Even as bullets ricocheted off walls in Kumanovo, sceptics found reasons to be suspicious. Within hours of the siege, social media lit up with reminders of a speech made five weeks earlier by a former police general named Stojance Angelov. Little noticed at the time, it now seemed prescient.
The retired police general is the leader of a small opposition party called Dignity. On April 4, 2015, he had addressed anti-government protesters in Skopje. “Someone in our country has prepared a monstrous plan to cause an inter-ethnic conflict,” Angelov bellowed from the podium, without explaining who the “someone” was. “I have information that somebody gave two million euros to some Albanians who have nothing to do with the NLA, to some criminals from the Lipkovo region [near Kumanovo]. Their job will be to pretend to be NLA, and kill some police officers or soldiers, and cause an inter-ethnic conflict.”
In November 2017, Angelov told BIRN his information had come from “people who worked for state security and other services” and that he cross-checked it with other intelligence sources. The plan was to pay criminals to recruit — “as collateral damage” — a group of gullible and ideologically driven ethnic Albanians to launch attacks in Macedonia, ostensibly to defend ethnic Albanians from state oppression, he said he was told. “I said at the time that people close to the power holders were the instigators of this bloody act,” he said. “I believe that no one wanted to see this tragic outcome, but I believe that in the moment they lost control.”

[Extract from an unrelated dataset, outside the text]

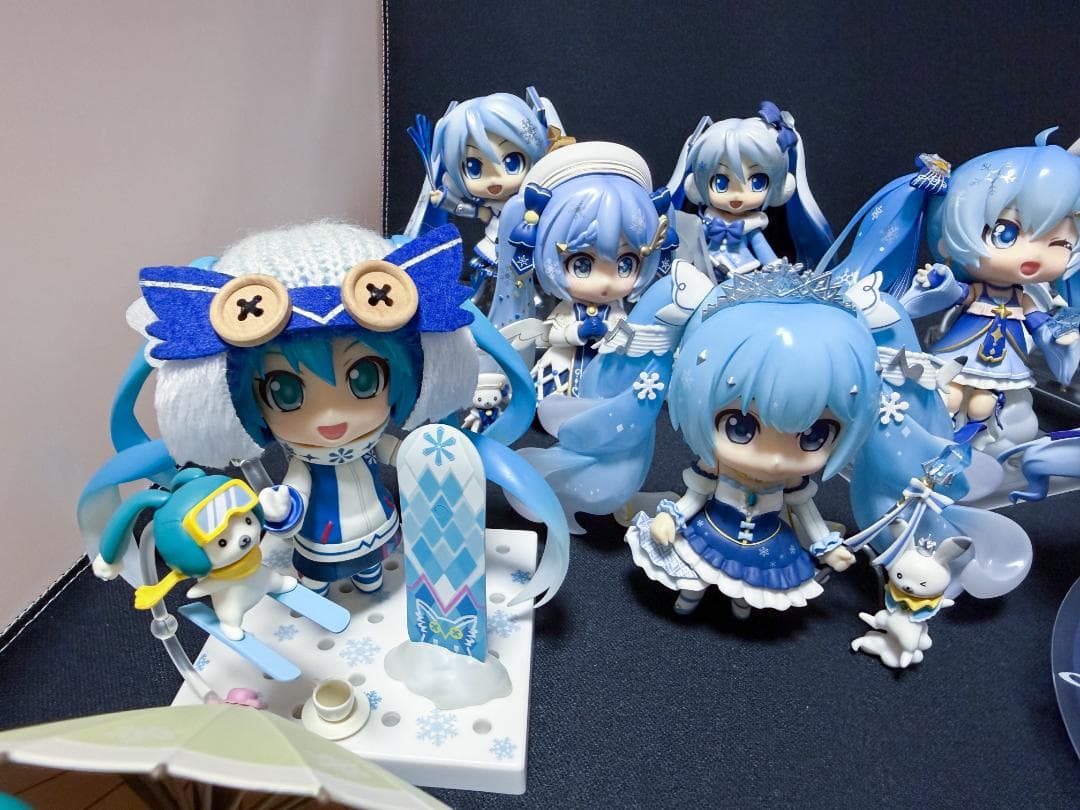 中古 ねんどろいど 雪ミク 2010～2023年 14点 + 2点 冬木小袖等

‘Someone in our country has prepared a monstrous plan to cause an inter-ethnic conflict.’
Six days after Angelov’s speech, somebody threw a grenade outside government headquarters in Skopje. Nobody was hurt and damage was minimal. Someone calling himself “Commandant Kushtrimi” took responsibility in an email to media that bore the NLA logo and, bizarrely, the forged signature of the governor of the European Bank. Kushtrimi threatened further attacks until all Albanians had equal rights with Macedonians.
On May 3, 2015, a bomb went off in the northeast city of Tetovo at the headquarters of the Democratic Union for Integration, DUI, the largest ethnic Albanian party and a junior partner in the government. Nobody was killed or injured and no one claimed responsibility for the attack.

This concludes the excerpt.